At the third level of speech underdevelopment, when the child already has developed speech, the same methods and techniques of work are used as at the previous levels. However, here, in each specific case, only what has remained insufficiently mastered is already being refined (remaining defects in the pronunciation of sounds are overcome, specific types of agrammatisms are eliminated, etc.). At the same time, it is important to take into account that these “private” and, at first glance, sometimes unnoticeable defects are persistent in nature and that systematic and persistent work with the child is necessary to overcome them.

In conclusion, it is necessary to touch upon the issue of organizing work with children suffering from motor alalia.

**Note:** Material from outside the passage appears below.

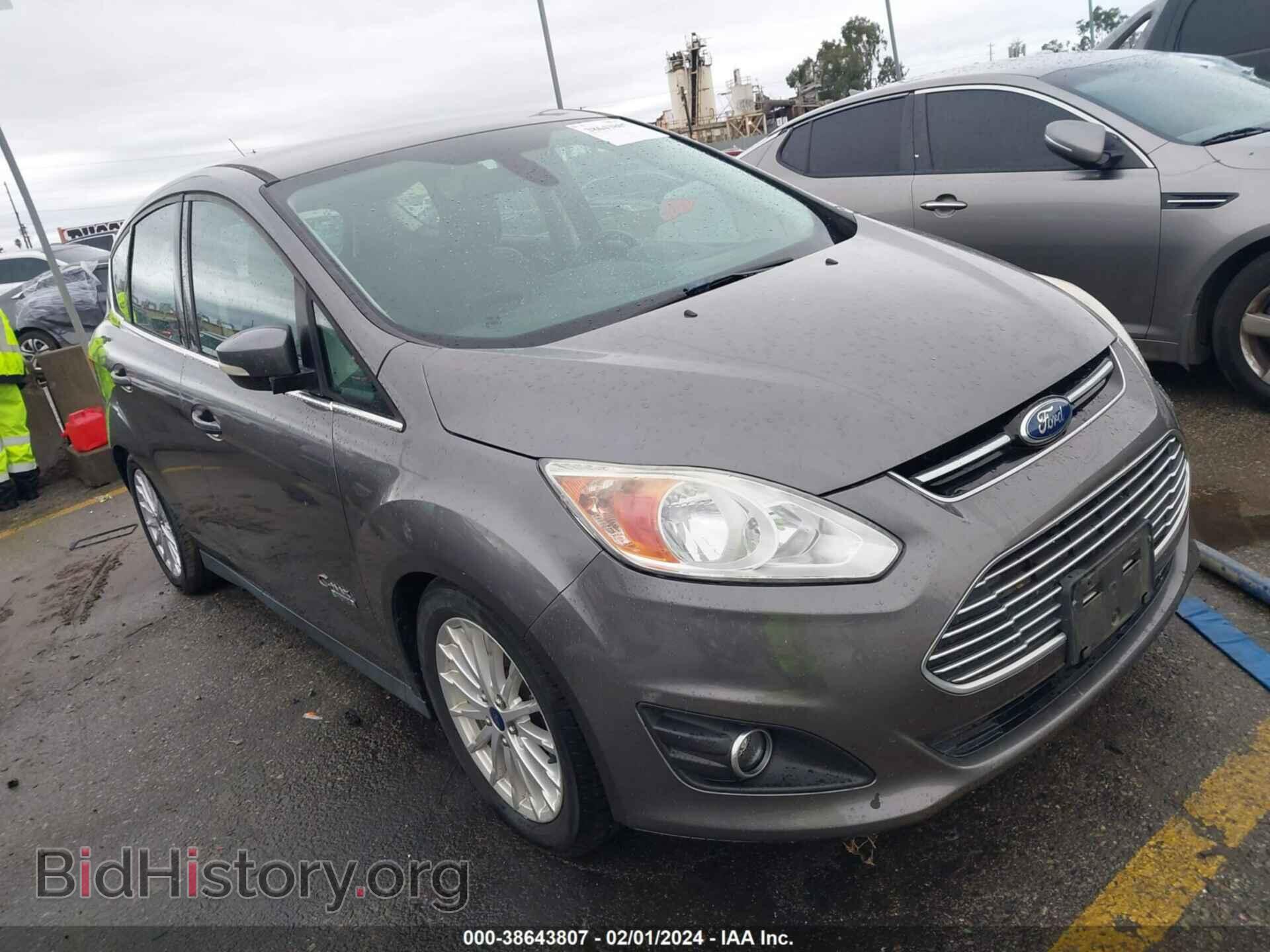 Фотография 1FADP5CU3DL545287 - FORD C-MAX ENERGI 2013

For preschool children, speech therapy assistance is provided in speech kindergartens, speech therapy groups at mass kindergartens, speech therapy rooms at children's clinics (in milder cases), as well as in speech hospitals and sanatoriums.

School-age children often require special educational conditions. Such conditions are created in a school for children with severe speech impairments, where Russian language instruction is carried out according to a program specially developed by defectologists. Due to the deep lag of children in speech development, the speech school program is somewhat extended in time, which allows special hours to be allocated for in-depth work on students’ speech. Children with relatively mild speech underdevelopment can study in a general education school, provided they simultaneously attend classes with a school speech therapist and systematic assistance from parents. Such daily assistance from parents is also necessary in all other cases, regardless of the type of special institutions in which speech therapy work is carried out.